華鴒大塚美術館では、開館以来、日本の歴史や伝統に基づく様式や表現を汲んだ絵画や関係する画家などの紹介につとめて参りました。このたび、当館の新しい取り組みとして、活躍が目覚ましい現代・いまを生きる美術作家を紹介する展覧会を開催いたします。1回目となる本展は、井原市在住の画家・上西竜二を紹介します。
上西は、岡山大学教育学部特別教科教育養成課程美術専攻を卒業後、広島市立大学大学院絵画専攻(油絵)に進み、野田弘志の指導を受け、修了制作展では優秀作品に贈られるプリ・ラ・ジュネス賞を受賞しています。その後は、岡山や広島を中心に、大阪、東京で個展を重ね、2008年には岡山県ゆかりの新進気鋭の美術作家に贈られるI氏賞奨励賞(第2回)を受賞し、大きく注目を集めます。
上西作品の魅力はなんと言っても繊細で精微な写実表現にあり、自身が求めた真実(リアル)の形が示されます。だからこそ作品は、絵空事では終わらない真実と世界観、真実以上の美しさで見る者を圧倒的な力でひきつけけます。
上西にとって描くこととは―。氏の言葉によれば「単純に強い極めて自然な純粋な気持ち」「単に自分の意思に従っているだけ」。つまり描くことは、日常を生きることに他ならないと言います。
現代の美術のなかの視覚表現として写実絵画が注目を集める今、上西は高い技巧による描写力と優れた質感表現、機知的で大胆な構図で存在感を示しています。40歳を超えた上西にとって今後、「描く」という不変の行為はどのように展開するのでしょうか。
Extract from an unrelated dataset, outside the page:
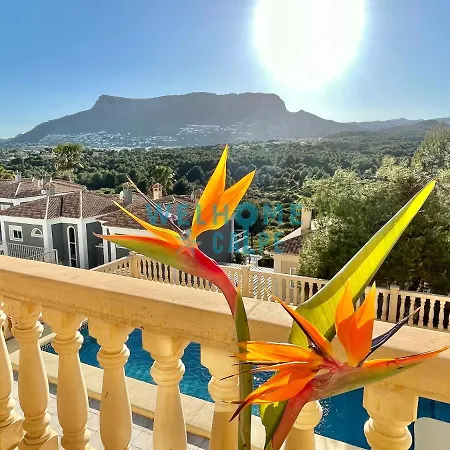 Villa Vistalmonte Comoda Con Piscina Privada *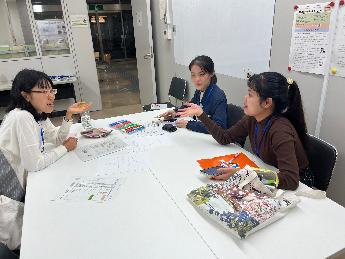 東広島国際フェスタ第三回部会の様子3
本展では、これまでの主力作品に新作を加えご紹介します。描くことの高い技術力はもちろんですが、描くことに正直で、純粋な上西の言葉にも触れていただき、いまを生きる画家が真摯に自らの表現を追い求める姿と、画家が表現すぅる創作という行為についての理解を深める機会になればと思います。どうぞご期待ください。